Until now I’ve just written a simple encoding script so I can type any phrase with the latin alphabet and get something that visually looks like a language, it also has different symbols for capital letters. For example “Thank you so much Sanadi for your advice.” would be: “Ƣƀɚʌω ɼɘɵ ɱɘ ʂɵƙƀ Ơɚʌɚơɽ ʞɘʉ ɼɘɵʉ ɚơơɽƙı” It looks language-ish but can be improved (for example that “ʌω” looks awkward). I’ll have to play around with which symbols to use so it looks more cohesive. It’s probably worth it to put some more effort since this is spoken by a main character that is there for the entire (short) story. Even though players might not even choose this option and might choose for their character to be fluent instead.
I agree it’s fascinating. At some point I thought about studying linguistics and tried to learn Esperanto lol. I can talk about linguistic differences and what they mean culturally for hours.

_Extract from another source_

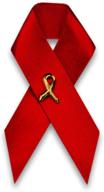 aids awareness ribbon satin pins logo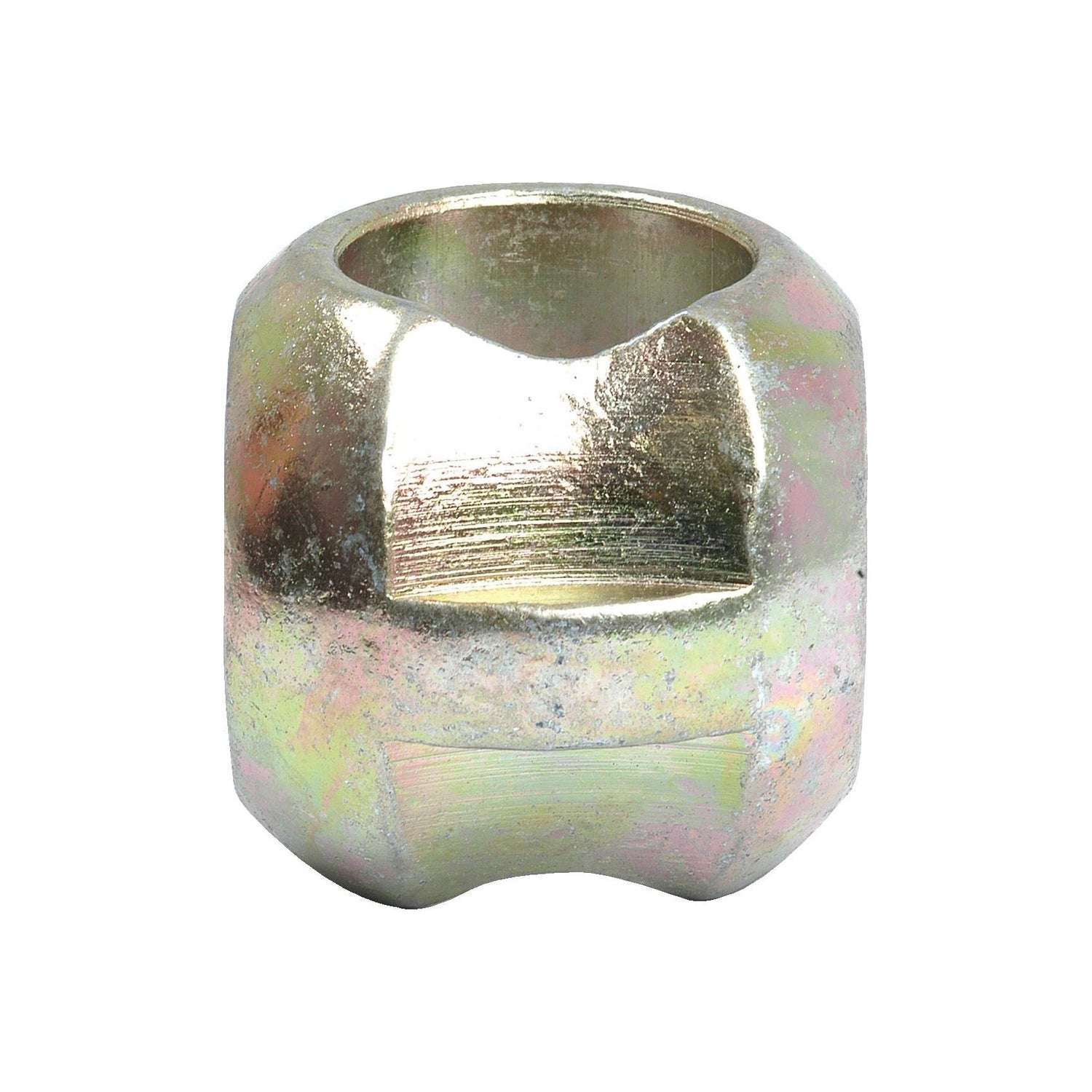 Close-up of the Sparex Lower Link Dual Category Ball (Cat. 2 Outer, 1/2 Inner), part number S.2997, made from 1018 Steel with a hexagonal outer shape and a hollow center. The surface is reflective and slightly worn.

edit: I scrolled back and my encoded stuff looks so much worse than the little snippet I posted before. :,) wish me luck
hah. yeah, that works. The thing is that a) there are quite a lot of lines and b) even when you don’t understand a language, you can still gain information from hearing it. For example after a while you might notice a word gets repeated a lot in a certain context. How long was the person talking? (Was it just a phrase or did he explain something in length?). Usually you can tell if something is a question also, even without understanding the language. So for example seeing: “Ɣɘʋ ɚʉı ɼɘɵ?” tells you the person is asking a short question. You could also write “He says something you don’t understand, it’s fast and sounds like a question.”, but I thought it would be more immersive to do it this way. But I guess the most important reason is c) I think this way is more fun
I’m glad you found it helpful. I’ll keep an eye out for your work.
It looks like you put a lot of thought into the possibilities already.
I’m excited and hope it goes well for you.